Laudo técnico / vistoria

Hotéis precisam apresentar, em fiscalizações: (i) laudos técnicos de acessibilidade emitidos por engenheiro/arquitetos habilitados; (ii) relatórios de manutenção periódica; (iii) ART (Anotação de Responsabilidade Técnica) para reformas de adequação.

DECISÕES RECENTES

O STJ (Superior Tribunal de Justiça) tem várias decisões — como nos REsp 2041463; REsp 1912548; REsp 1315822; REsp 1349188; REsp 1611915; REsp 1607472 — que reafirmam o direito à acessibilidade, determinam obras de adaptação e garantem indenizações nos casos onde há violação desses direitos.

Tribunais estaduais têm seguido a diretriz fixada pelo STJ, com a condenação de hotéis que não oferecem acessibilidade adequada. Recentemente, no TJDFT foi mantida condenação de hotel que deixou hóspede com deficiência sem acesso adequado.
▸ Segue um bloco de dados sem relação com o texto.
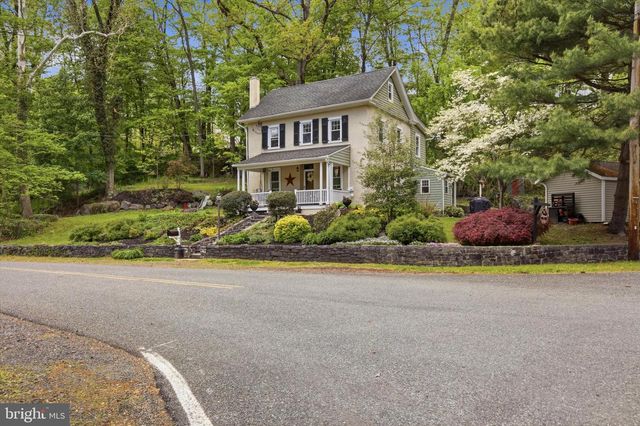 2792 SWAMP CREEK RD, Green Lane, PA 18054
• Consequências práticas de não se adequar às exigências legais

– Indenizações — dano moral e material para hóspedes que se sintam discriminados ou impedidos de usufruir do serviço;

– Multas administrativas — órgãos fiscalizadores podem autuar estabelecimentos por infrações à LBI, ao regulamento, à norma ABNT etc;

– Bloqueios ou interdição de áreas ou até do hotel, dependendo da gravidade e risco à saúde/s segurança dos hóspedes;

– Imagem — redes sociais expõem falhas de acessibilidade, e isso pode afastar clientes sensíveis. Hoje muitos viajantes consideram acessibilidade critério de escolha.
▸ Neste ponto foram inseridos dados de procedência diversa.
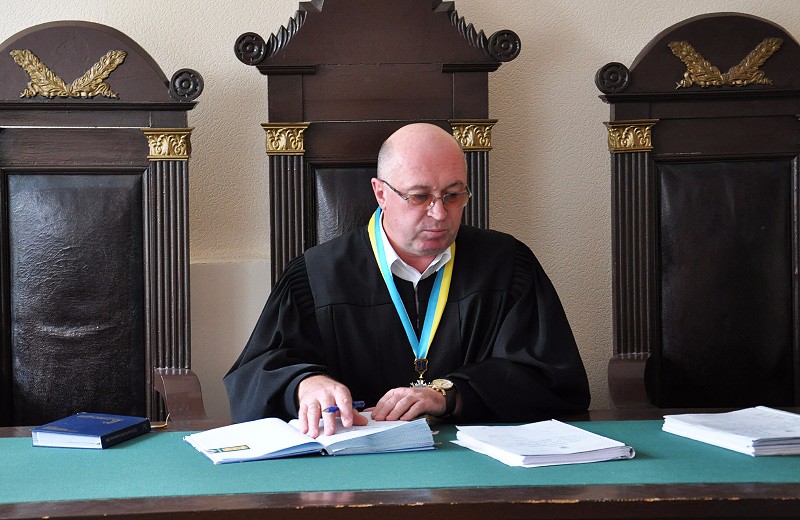 Суддя Анатолій Савченко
• Vantagens de estar em dia

– Garantir bem-estar e condições de igualdade às pessoas com deficiência, contribuindo de forma decisiva para a harmonia social e para o fortalecimento do respeito nas relações humanas.

– Diferencial competitivo: hóspedes com deficiência representam um mercado crescente e exigente. Ser bem avaliado nesse quesito significa captar esse público;

– Melhor experiência para todos: acessibilidade também ajuda com idosos, pessoas com mobilidade reduzida provisória etc;

– Menos risco de litígios, de gastos imprevistos com reformas forçadas etc;

– Cumprimento de obrigações legais = segurança jurídica.

CONCLUSÃO

A acessibilidade em hotéis não é algo “a mais” ou “apenas decorativo”: é obrigação legal, questão de dignidade, e hoje, de diferenciação no mercado. Ter um hotel acessível significa revisar do chão ao telhado: do estacionamento ao quarto, da sinalização à comunicação, da estrutura física às informações digitais. E o custo de não fazer isso pode sair muito mais caro — não só em indenizações, mas em reputação e oportunidades perdidas.